### EXERCISE DETAILS
Leaving out all pictures, retype the records exactly.

■ ■ ■ ■ ■

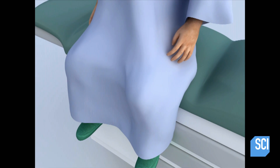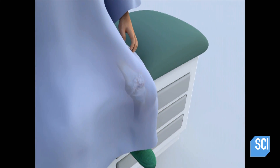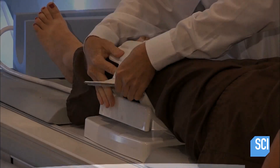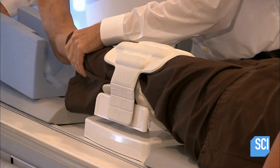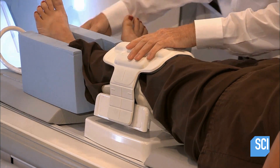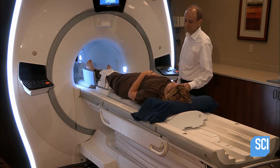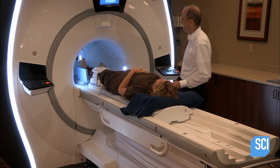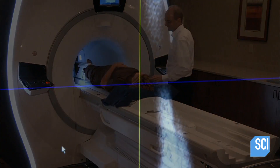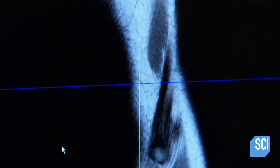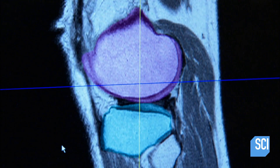A successful knee replacement depends on its alignment with the femur and tibia, the upper and lower leg bones that connect at the knee. That's a challenge because knee implants are standard, while every patient's bones are unique. So starting with an MRI scan of the patient's knee, this medical device company produces custom-made surgical templates — plastic devices the surgeon uses to sculpt the surface of the patient's bones to align the knee implant accurately.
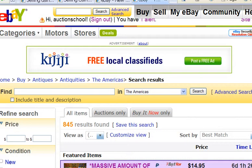When you list an item, you state your starting price. In order for someone to be able to buy your item, they have to outbid everybody else. The person with the highest bid at the end of your auction will win and will be able to buy your item.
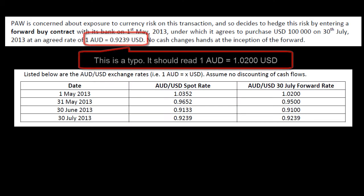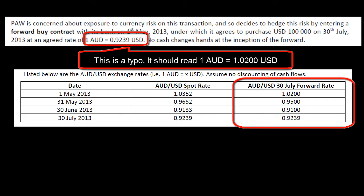The spot rate is what we've just talked about, but now we need to know what the forward rates are. He's concerned about currency risk on the transaction, so he hedges this risk by entering a forward buy contract at the 1st of May, under which he agrees to purchase $100,000 US on the 30th of July at an agreed rate of 1 AUD = 0.9239.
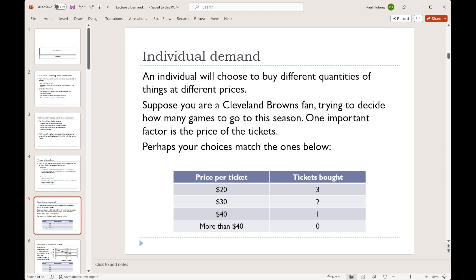To start working on demand, we're going to be looking first at an individual — a single person trying to decide how much of a particular product to buy. The particular product we're going to be working with here is Cleveland Browns tickets, tickets to see the Browns play at First Energy Stadium. Let's assume these are upper level tickets, so they're not going to be super expensive. We've got a table here that describes the choices that a Cleveland Browns fan might make.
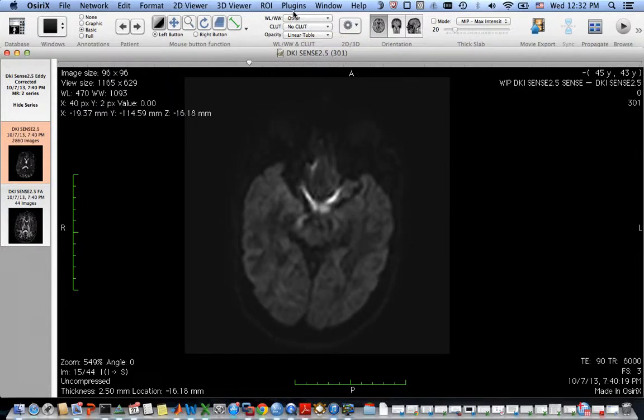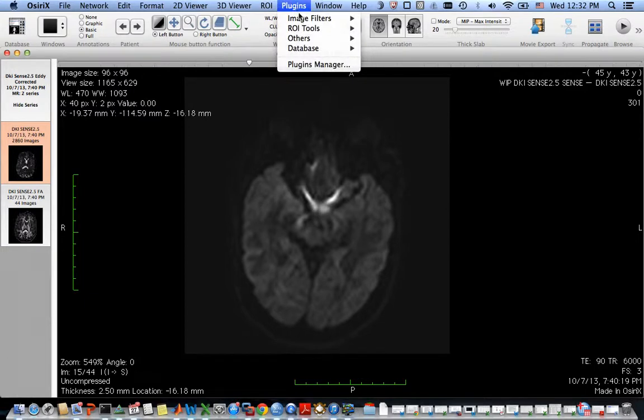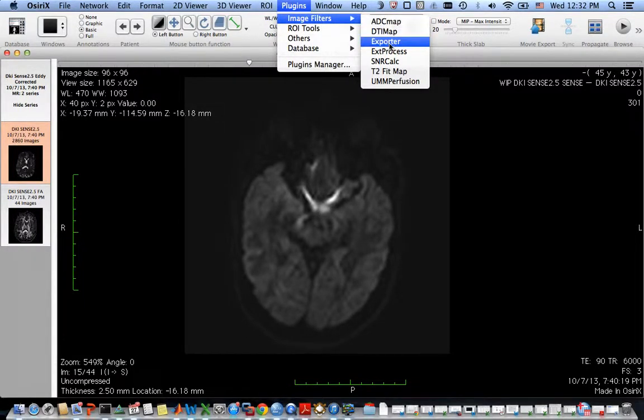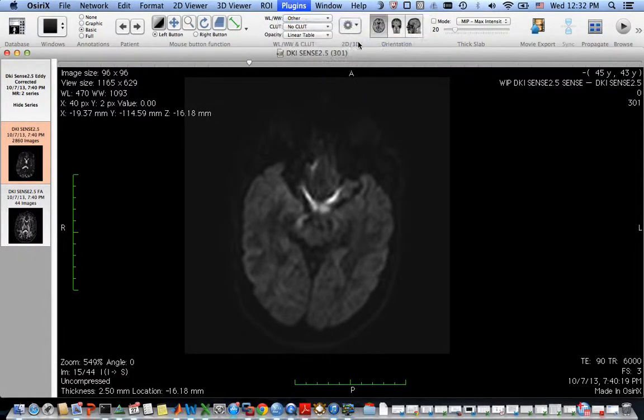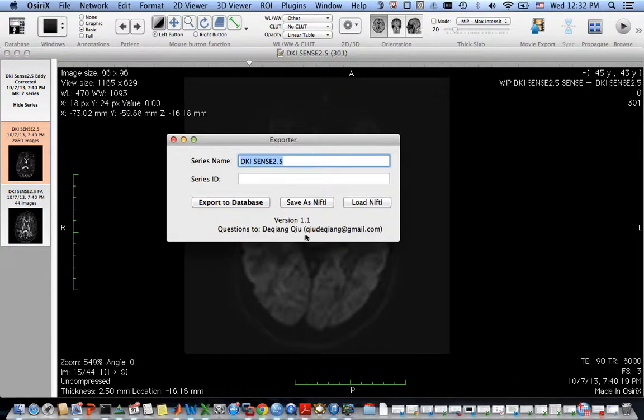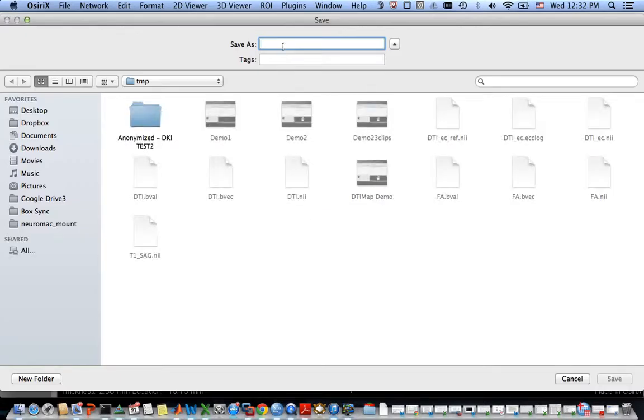You go to plugins, image filters, and exporter, and then hit save as Nifty. Give it a name, DTI.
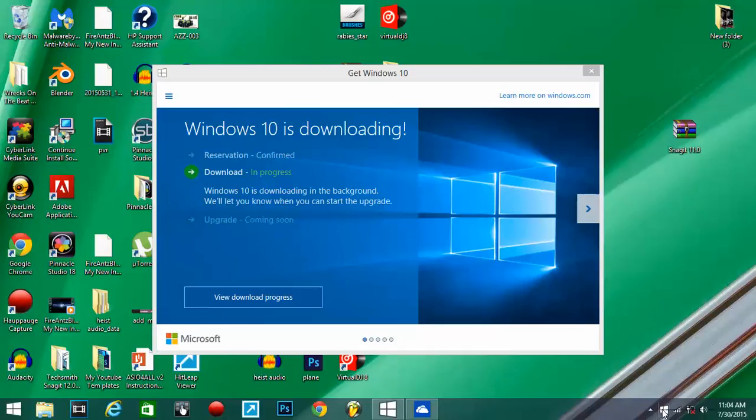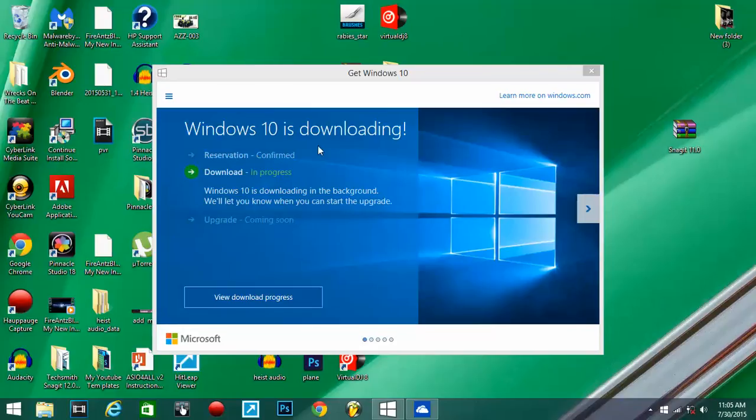That should be like a little Windows thing and you should get this screen right here. But if you haven't signed up or reserved your copy, what's going to happen is you might not be able to get this downloaded.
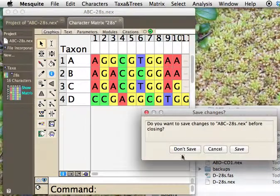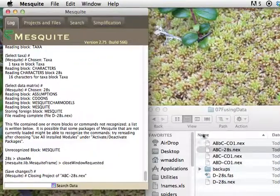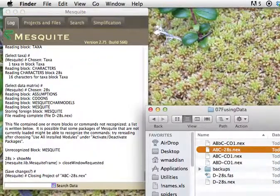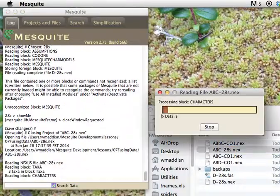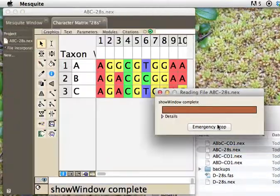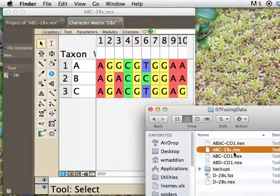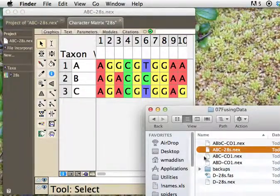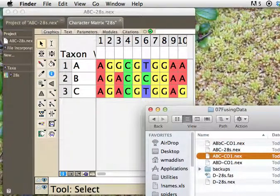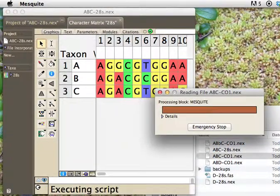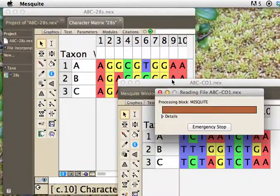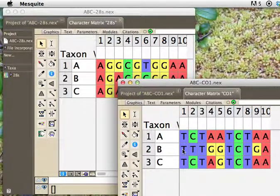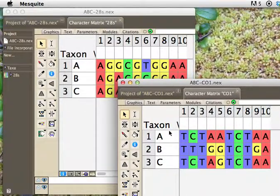But now I'm going to give you a puzzle, which is what if what we want to do is not add to an existing matrix, but we want to add a new matrix to this set of taxa. So we've actually got now A, B, and C have, instead of 28S sequences, they have CO1 sequences, and here are the two files.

■ ■ ■ ■ ■

### RESPONSE TO THIS TASK
A successful knee replacement depends on its alignment with the femur and tibia, the upper and lower leg bones that connect at the knee. That's a challenge because knee implants are standard, while every patient's bones are unique. So starting with an MRI scan of the patient's knee, this medical device company produces custom-made surgical templates — plastic devices the surgeon uses to sculpt the surface of the patient's bones to align the knee implant accurately.
When you list an item, you state your starting price. In order for someone to be able to buy your item, they have to outbid everybody else. The person with the highest bid at the end of your auction will win and will be able to buy your item.
The spot rate is what we've just talked about, but now we need to know what the forward rates are. He's concerned about currency risk on the transaction, so he hedges this risk by entering a forward buy contract at the 1st of May, under which he agrees to purchase $100,000 US on the 30th of July at an agreed rate of 1 AUD = 0.9239.
To start working on demand, we're going to be looking first at an individual — a single person trying to decide how much of a particular product to buy. The particular product we're going to be working with here is Cleveland Browns tickets, tickets to see the Browns play at First Energy Stadium. Let's assume these are upper level tickets, so they're not going to be super expensive. We've got a table here that describes the choices that a Cleveland Browns fan might make.
You go to plugins, image filters, and exporter, and then hit save as Nifty. Give it a name, DTI.
That should be like a little Windows thing and you should get this screen right here. But if you haven't signed up or reserved your copy, what's going to happen is you might not be able to get this downloaded.
But now I'm going to give you a puzzle, which is what if what we want to do is not add to an existing matrix, but we want to add a new matrix to this set of taxa. So we've actually got now A, B, and C have, instead of 28S sequences, they have CO1 sequences, and here are the two files.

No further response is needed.